DESCRIPTION OF THE TASK> After finding the line containing "Мария Одена перед спальней" below, please output that line and each following one through the line containing "Magnetic Gray Metallic", exactly as written.

SUPPLIED DATA>
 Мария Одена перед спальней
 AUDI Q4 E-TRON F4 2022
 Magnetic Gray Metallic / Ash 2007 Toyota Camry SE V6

* * *

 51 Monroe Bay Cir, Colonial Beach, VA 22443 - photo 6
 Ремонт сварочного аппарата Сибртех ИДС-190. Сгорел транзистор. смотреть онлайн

ANSWER TO THE PROBLEM>
 Мария Одена перед спальней
 AUDI Q4 E-TRON F4 2022
 Magnetic Gray Metallic / Ash 2007 Toyota Camry SE V6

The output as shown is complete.